__WHAT YOU SHOULD DO__.
Among the entries below, extract exactly the lines that run from the one with "Tonola Santana Pottery" through the one with "Alfred Dunner All", both ends included.

__DATA SUPPLIED__.
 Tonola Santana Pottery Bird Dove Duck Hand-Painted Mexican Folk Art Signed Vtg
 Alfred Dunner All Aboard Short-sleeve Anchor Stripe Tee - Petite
==
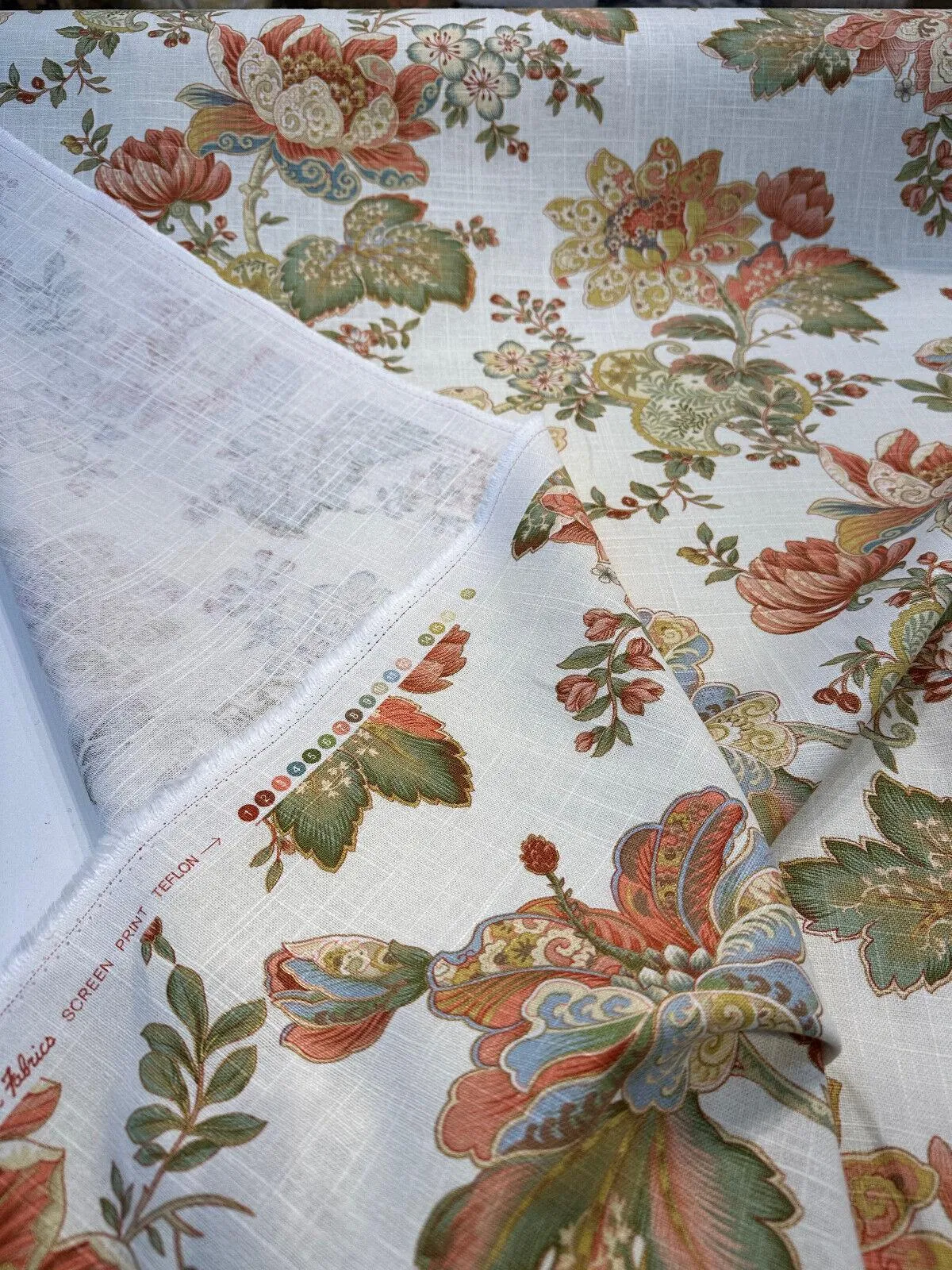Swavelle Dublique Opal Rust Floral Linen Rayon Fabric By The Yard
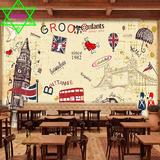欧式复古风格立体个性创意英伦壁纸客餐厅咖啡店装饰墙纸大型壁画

__OUTPUT FOR THIS TASK__.
 Tonola Santana Pottery Bird Dove Duck Hand-Painted Mexican Folk Art Signed Vtg
 Alfred Dunner All Aboard Short-sleeve Anchor Stripe Tee - Petite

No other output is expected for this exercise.